4 Steps to Better Risk Management for COVID-19
More than three-quarters of Americans say they have not yet returned to dine in and wanted to see more hygiene procedures and staff wearing PPE before they would.
What do you do when trying to protect employees and customers, and protection requires clear, consistent application of changing guidelines? It only takes one person to spark an outbreak that could lead to reclosure and damage to your reputation. Yet compliance is harder than ever with the added pressure of trying to remember new procedures and menu items, stressed customers, and lower staffing.
Employees need support, and the good news is you can solve these challenges in a way that not only helps you manage COVID-19 risk but also sets you up for future success.
1. Combat Cognitive Overload
Employees are dealing with more than ever in the workplace. Shifts are short staffed, many restaurants have changed menus, almost everyone has new procedures for pickup and delivery, and safety processes are frequently re-evaluated and revamped.

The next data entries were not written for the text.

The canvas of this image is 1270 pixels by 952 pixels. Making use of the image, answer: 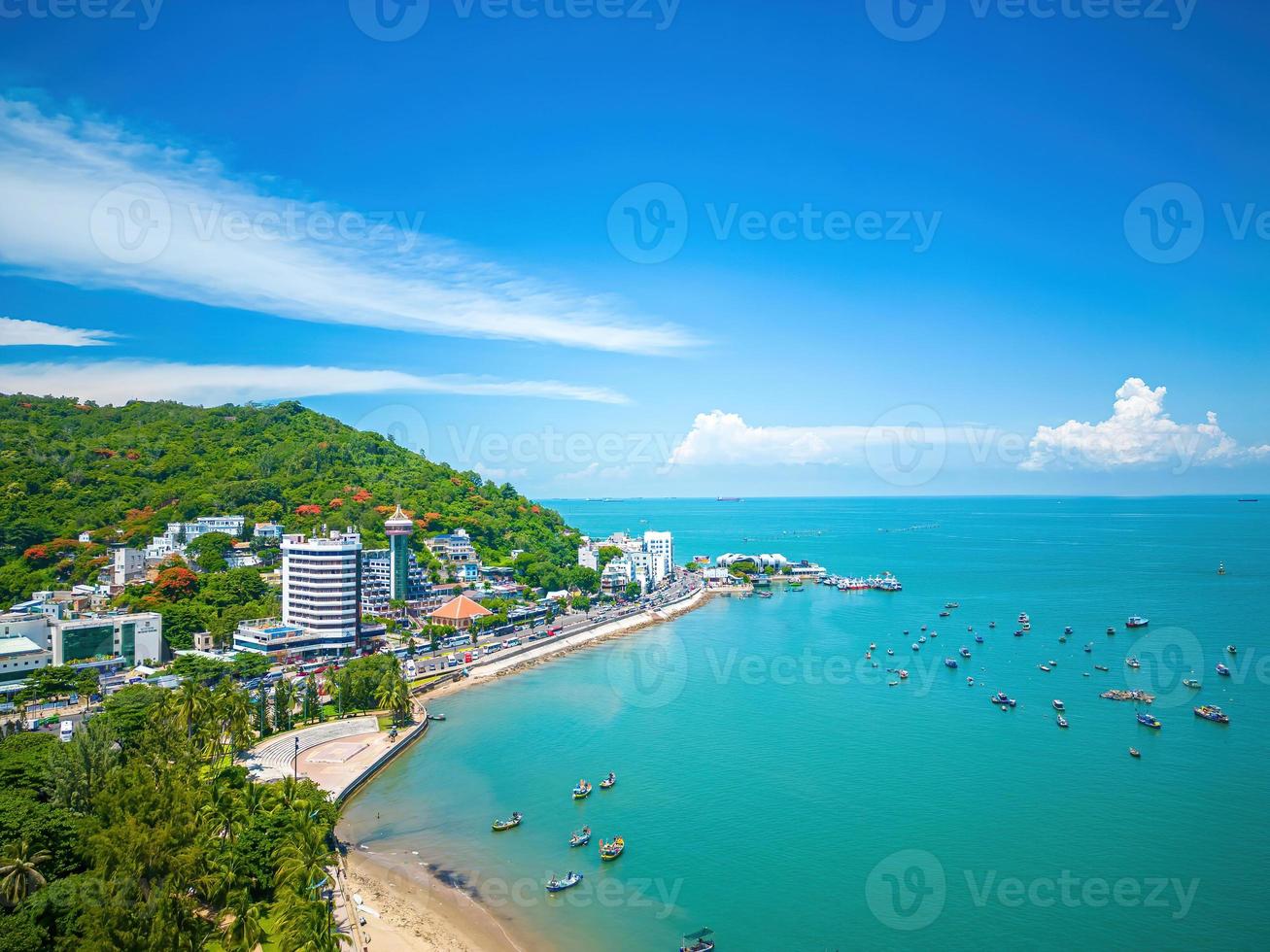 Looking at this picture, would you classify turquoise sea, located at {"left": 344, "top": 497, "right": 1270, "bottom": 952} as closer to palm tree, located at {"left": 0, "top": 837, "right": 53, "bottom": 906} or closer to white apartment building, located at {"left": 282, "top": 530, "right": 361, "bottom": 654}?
white apartment building, located at {"left": 282, "top": 530, "right": 361, "bottom": 654}

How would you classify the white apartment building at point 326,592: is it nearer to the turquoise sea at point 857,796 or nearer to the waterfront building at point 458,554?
the turquoise sea at point 857,796

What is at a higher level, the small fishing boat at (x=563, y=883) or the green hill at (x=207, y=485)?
the green hill at (x=207, y=485)

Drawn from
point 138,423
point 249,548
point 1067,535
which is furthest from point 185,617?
point 1067,535

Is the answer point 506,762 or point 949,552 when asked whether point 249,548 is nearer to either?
point 506,762

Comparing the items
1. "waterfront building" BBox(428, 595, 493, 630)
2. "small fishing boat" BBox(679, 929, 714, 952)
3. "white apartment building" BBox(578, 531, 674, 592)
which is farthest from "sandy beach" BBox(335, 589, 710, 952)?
"white apartment building" BBox(578, 531, 674, 592)

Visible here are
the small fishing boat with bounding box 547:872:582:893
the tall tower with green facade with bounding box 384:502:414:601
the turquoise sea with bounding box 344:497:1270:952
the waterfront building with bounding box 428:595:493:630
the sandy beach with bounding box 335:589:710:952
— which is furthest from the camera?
the tall tower with green facade with bounding box 384:502:414:601

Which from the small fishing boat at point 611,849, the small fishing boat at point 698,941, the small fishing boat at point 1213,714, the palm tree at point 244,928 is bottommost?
the small fishing boat at point 698,941

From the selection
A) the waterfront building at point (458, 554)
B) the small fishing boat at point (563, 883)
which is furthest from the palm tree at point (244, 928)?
the waterfront building at point (458, 554) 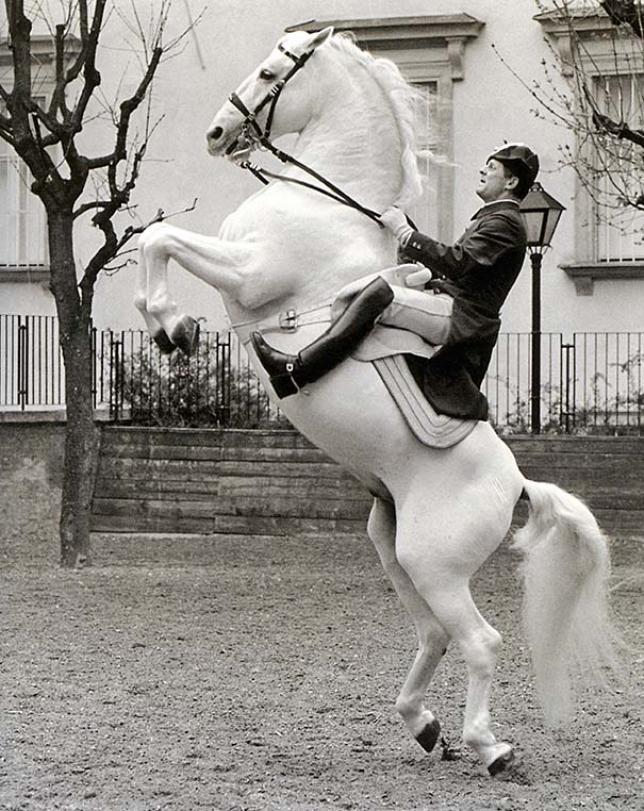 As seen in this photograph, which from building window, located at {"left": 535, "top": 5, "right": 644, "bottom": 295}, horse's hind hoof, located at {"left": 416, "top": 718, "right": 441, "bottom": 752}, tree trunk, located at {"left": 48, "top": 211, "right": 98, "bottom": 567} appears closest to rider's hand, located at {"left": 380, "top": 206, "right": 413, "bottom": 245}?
horse's hind hoof, located at {"left": 416, "top": 718, "right": 441, "bottom": 752}

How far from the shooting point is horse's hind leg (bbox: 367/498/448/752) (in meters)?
6.23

It’s no wonder why many restaurant employees are struggling.
According to eLearning Industry, three things directly affect cognitive load. “The first is the abundance of decision-making opportunities. The second is distractions or training interruptions we must contend with. The last is the constant need to manage every moment of our day in order to maximize efficiency. All of this culminates in stress that prevents our minds from assimilating information effectively.”
Too many decisions, distractions and interruptions, and a need to maximize efficiency. Sound familiar? Instead of asking every employee to perfectly remember health recommendations that changed last week and may change again next week, provide memory aids through your digital platforms that are easily accessible to every employee. This way workers aren’t trying to find the latest printout or remember what their manager told them.

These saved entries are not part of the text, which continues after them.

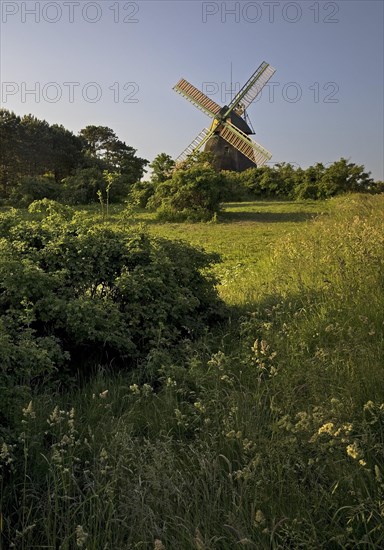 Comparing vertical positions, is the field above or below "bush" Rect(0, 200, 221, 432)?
below

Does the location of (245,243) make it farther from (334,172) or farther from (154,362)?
(334,172)

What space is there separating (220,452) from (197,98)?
3657 cm

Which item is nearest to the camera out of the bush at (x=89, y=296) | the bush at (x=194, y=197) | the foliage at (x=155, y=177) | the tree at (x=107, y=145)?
the bush at (x=89, y=296)

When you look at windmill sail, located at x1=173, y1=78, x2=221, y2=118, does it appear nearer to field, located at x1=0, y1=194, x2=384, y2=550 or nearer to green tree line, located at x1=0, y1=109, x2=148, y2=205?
green tree line, located at x1=0, y1=109, x2=148, y2=205

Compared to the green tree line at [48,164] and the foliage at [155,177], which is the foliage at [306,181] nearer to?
the foliage at [155,177]

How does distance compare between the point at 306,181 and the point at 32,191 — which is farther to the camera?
the point at 306,181

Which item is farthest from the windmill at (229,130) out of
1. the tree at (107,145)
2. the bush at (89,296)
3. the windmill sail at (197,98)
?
the bush at (89,296)

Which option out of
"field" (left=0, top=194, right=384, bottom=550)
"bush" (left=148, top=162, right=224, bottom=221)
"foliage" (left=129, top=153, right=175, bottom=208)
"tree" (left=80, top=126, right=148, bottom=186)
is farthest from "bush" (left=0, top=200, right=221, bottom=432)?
"tree" (left=80, top=126, right=148, bottom=186)

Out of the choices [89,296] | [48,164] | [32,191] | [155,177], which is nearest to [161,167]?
[155,177]

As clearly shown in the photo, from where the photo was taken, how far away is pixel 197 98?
36219 millimetres

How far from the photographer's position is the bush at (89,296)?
3625 mm

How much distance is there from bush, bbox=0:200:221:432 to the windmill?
29833 mm

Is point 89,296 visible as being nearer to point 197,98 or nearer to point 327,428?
point 327,428

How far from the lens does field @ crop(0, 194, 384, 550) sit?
2039mm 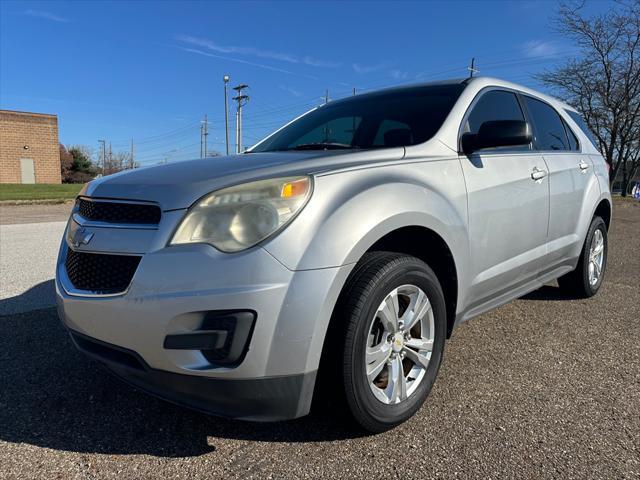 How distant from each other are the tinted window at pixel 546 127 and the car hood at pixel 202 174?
1.79 m

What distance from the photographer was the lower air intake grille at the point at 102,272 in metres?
1.95

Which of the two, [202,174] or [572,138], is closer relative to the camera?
[202,174]

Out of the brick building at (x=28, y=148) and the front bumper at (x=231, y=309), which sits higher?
the brick building at (x=28, y=148)

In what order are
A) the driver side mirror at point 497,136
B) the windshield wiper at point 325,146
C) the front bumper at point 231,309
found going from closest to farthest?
the front bumper at point 231,309, the driver side mirror at point 497,136, the windshield wiper at point 325,146

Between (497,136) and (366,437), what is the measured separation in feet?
5.71

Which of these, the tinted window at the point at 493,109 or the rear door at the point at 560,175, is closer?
the tinted window at the point at 493,109

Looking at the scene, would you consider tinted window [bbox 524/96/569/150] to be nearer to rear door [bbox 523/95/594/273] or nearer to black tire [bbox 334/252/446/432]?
rear door [bbox 523/95/594/273]

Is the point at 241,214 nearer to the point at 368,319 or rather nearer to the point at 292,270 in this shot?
the point at 292,270

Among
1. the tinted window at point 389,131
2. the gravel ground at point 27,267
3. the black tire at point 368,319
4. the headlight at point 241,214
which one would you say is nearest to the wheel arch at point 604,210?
the tinted window at point 389,131

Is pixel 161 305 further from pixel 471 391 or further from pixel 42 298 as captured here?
pixel 42 298

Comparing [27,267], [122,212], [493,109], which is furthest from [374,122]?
[27,267]

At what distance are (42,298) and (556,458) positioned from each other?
4415mm

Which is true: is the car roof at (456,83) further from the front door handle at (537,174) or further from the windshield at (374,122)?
the front door handle at (537,174)

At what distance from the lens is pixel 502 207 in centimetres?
293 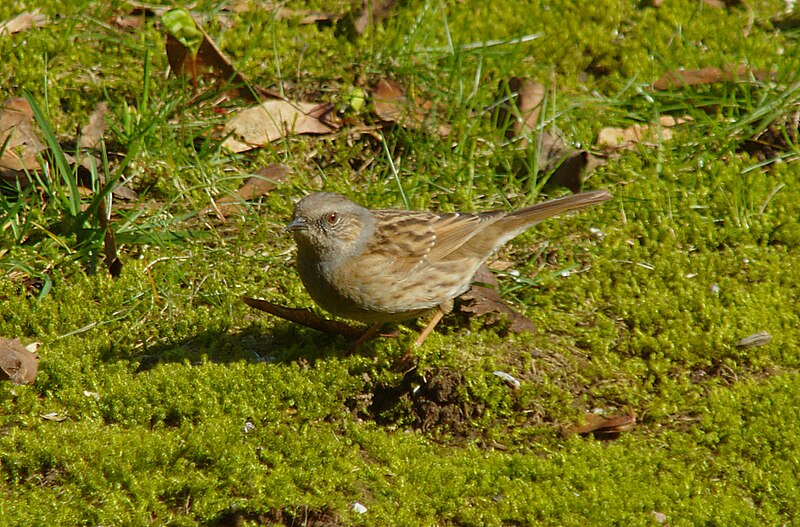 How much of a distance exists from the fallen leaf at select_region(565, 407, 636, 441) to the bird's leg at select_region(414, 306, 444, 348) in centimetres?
107

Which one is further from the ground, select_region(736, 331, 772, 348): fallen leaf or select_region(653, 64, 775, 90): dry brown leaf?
select_region(653, 64, 775, 90): dry brown leaf

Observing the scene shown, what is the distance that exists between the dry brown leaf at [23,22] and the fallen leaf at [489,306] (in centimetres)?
455

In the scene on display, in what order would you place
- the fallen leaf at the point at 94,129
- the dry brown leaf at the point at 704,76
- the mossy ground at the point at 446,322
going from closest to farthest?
the mossy ground at the point at 446,322, the fallen leaf at the point at 94,129, the dry brown leaf at the point at 704,76

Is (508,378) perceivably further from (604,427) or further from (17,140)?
(17,140)

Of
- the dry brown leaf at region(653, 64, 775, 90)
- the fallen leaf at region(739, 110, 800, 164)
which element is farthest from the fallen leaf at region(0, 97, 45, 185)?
the fallen leaf at region(739, 110, 800, 164)

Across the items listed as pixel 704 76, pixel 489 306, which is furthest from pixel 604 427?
pixel 704 76

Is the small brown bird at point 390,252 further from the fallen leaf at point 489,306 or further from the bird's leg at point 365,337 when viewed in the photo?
the fallen leaf at point 489,306

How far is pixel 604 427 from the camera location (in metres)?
5.36

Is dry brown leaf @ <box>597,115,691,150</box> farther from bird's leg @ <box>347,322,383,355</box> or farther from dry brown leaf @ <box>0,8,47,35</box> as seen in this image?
dry brown leaf @ <box>0,8,47,35</box>

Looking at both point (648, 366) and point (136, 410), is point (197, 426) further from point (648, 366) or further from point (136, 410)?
point (648, 366)

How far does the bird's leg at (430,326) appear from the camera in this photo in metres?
5.76

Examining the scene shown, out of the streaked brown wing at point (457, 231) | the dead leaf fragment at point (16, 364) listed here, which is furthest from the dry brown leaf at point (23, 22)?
the streaked brown wing at point (457, 231)

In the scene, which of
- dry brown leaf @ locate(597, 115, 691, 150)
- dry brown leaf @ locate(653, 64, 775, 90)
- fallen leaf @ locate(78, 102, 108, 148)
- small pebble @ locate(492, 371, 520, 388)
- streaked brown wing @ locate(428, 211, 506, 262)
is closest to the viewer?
small pebble @ locate(492, 371, 520, 388)

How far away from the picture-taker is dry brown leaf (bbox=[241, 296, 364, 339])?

With a digital assessment and communication platform, every location has the most up-to-date guidelines in an easily accessible format. Employees perform better with one less variable in the mix, and your risk goes down.
2. Consistently Reinforce Health & Safety Standards with Self-Assessments
Lack of adherence to safety standards is a bit of a contagion in and of itself. When employees see one another with a mask on their chin or only sanitizing high-touch surfaces half as often as they should, it can create a snowball effect where others also begin being more lax with COVID-19 standards.
One of the best ways restaurants can mitigate the chance that one or two employees could create greater risk exposure is through digital self-assessments, everything from daily employee checklists to location assessments. Every restaurant has assessments like this, but if they’re still being done with pen and paper, you have major potential for risk.
Paper assessments have a habit of ending up in a corner collecting dust, or are sent into regional to be included in a spreadsheet, showing information 2-4 weeks behind. Not exactly helpful in the moment.
Instead, collecting assessments digitally creates a culture of accountability and visibility. It’s easier to see and reinforce good choices, or offer guidance for poor ones, when you have a real-time look at your business from self-assessments conducted multiple times a day.
3. Use Tech to Onboard New Vendors
Supply chain disruptions are making things even harder for restaurants than normal. While you may be able to work around some low-inventory items by offering limited time offers (LTOs) on other items, some things you can’t do without.
You can support employees and supplement key suppliers by using tech to bring on new vendors. Lighten the load on employees (and avoid mistakes made by overwhelmed staff) with digital tools that automate much of the onboarding process. Vet new suppliers, gather credentials, ensure compliance, and approve vendors all in one place.
Having a more diverse roster of vendors helps you avoid shortages in critical items, and ensures you are ready to respond if one of your suppliers closes.
4. Gather Timely Feedback for Better Visibility
It’s not only your frontline staff that are part of your COVID-19 risk mitigation strategy. Your quality team is likely drowning in data from the increased need for self-assessments now that in-person annual audits are on hold for the foreseeable future. They play a critical role in maintaining the safe, high-quality brand experience that keeps guests coming back to the brands they trust in an uncertain time.
Many quality teams are left to collect feedback in piecemeal fashion, without knowing how those assessments connect to other metrics. An investment in a solid quality management system software arms your team with the ability to quickly gather all the data into a single, company-wide view of quality and risk.
They can even correlate internal data with things like customer reviews and health department alerts to get a more complete look at risk. This real-time feedback from every location allows you to act quickly to educate employees or revise a process if compliance is poor in certain areas.
Investing in a digital platform will not only help improve responsiveness during the pandemic, but it is a great addition to your existing quality systems for a more comprehensive auditing program. Restaurants who make employee and customer safety a priority will come out of COVID-19 with loyal fans and a stronger understanding of their business.
No restaurant is immune to risk. The people that make this a great industry to work in are also fallible, particularly when under stress. However, there is much you can do to mitigate risk and avoid individual errors.
Provide memory aids in the form of digital communication tools. Reinforce social bonds by building a network of accountability with self-assessments. Harness technology to automate processes that reduce your risk. Finally, ensure you are capable of using the data you’re collecting to bolster your COVID-19 risk strategy by seeing strengths and weaknesses in real time.